Nearly 500 years ago, March 1517 to be exact, Social media was born, and rapidly demonstrated its power. On that warm spring day, Martin Luther “posted” his list of “95 Theses on the power and efficacy of Indulgences” on the local social media site, the church door, and inadvertently started a movement that would split the church. His individual action was just a single one, protesting at the aggressive marketing of Indulgences by church authorities, but to have the effect it did, required a whole bunch of other things to be aligned to take off. Similarly, the self immolation of shopkeeper Mohamed Bouazizi in Tunisia in 2011 focused the unrest in Tunisia , that led to the replacement of the Tunisian dictator.
Martin Luther was outraged that locals could buy “indulgences” sold by church clerics, which acted as paid confessions, removing the ritual of the confession and contrition, and wanted to stimulate a debate at the university on the topic. What happened is that a local printer who had one of these new fangled printing presses reproduced the 95 theses, and sold them, rapidly creating a movement that had all the hallmarks of a modern social media movement.
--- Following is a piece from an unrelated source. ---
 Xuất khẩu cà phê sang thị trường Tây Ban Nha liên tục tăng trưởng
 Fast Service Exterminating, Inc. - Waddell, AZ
As Clay Shirky tells it, there are three conditions that lead to a social media led change:
Everyone knows the system is broken
Everyone knows that everyone knows the system is broken
Everyone knows that everyone knows that everyone knows the system is broken.
When you get to this third level, it all blows up apart, and that is exactly what happened in Germany in 1517, and again in 1989 when the wall fell, in Tunisia in 2011, and is still rolling through the Arab world.
The tools of social media have changed, but the nature of human activity and collaboration has not. In the 21st century we want the same things our forebears wanted, and are prepared to fight for them, it is just that the tools are a bit different.